Introduction

by Jimmy Lin (June 11, 2005)

Aranea is a Web-based factoid question answering system that uses a combination of data redundancy and database techniques. Its performance in TREC 2002, TREC 2003, and TREC 2004 was competitive. The predecessor to Aranea is the askMSR system that colleagues at Microsoft Research and I developed in 2001. The following paper provides an overview of the Aranea system:

Jimmy Lin and Boris Katz. Question Answering from the Web Using Knowledge Annotation and Knowledge Mining Techniques. Proceedings of Twelfth International Conference on Information and Knowledge Management (CIKM 2003), 2003.

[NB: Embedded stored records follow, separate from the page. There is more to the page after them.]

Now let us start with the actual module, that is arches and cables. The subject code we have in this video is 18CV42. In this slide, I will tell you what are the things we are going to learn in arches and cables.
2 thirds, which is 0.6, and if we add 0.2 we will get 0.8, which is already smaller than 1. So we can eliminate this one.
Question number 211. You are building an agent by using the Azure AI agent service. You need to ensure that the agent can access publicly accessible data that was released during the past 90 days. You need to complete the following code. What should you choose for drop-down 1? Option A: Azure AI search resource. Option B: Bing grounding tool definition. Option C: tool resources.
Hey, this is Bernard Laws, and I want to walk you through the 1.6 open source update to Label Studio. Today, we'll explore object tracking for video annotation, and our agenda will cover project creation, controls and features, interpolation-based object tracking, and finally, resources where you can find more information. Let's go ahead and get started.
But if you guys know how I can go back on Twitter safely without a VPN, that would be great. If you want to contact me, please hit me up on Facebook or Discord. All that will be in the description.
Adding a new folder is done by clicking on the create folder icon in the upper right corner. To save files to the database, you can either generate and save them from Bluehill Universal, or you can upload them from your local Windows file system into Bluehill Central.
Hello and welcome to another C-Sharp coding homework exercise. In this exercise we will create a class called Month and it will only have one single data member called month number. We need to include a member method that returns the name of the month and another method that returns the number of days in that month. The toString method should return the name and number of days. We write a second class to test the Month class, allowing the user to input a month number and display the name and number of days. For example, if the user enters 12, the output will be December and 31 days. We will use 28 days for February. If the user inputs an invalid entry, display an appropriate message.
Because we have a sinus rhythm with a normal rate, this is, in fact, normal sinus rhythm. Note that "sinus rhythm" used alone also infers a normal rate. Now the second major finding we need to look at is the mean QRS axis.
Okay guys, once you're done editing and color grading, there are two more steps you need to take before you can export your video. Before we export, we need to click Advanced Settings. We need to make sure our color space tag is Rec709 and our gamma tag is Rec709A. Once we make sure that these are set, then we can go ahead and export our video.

As I am no longer actively working on Web-based factoid question answering, I am releasing Aranea under an open source license. I would be interested in hearing feedback about the system. If you publish results based on Aranea, please cite the above paper. Also, please understand that this package is released as is---I do not intend to support it. I will try my best to help people out, but please do not get upset if you email me with a technical support question and get no response.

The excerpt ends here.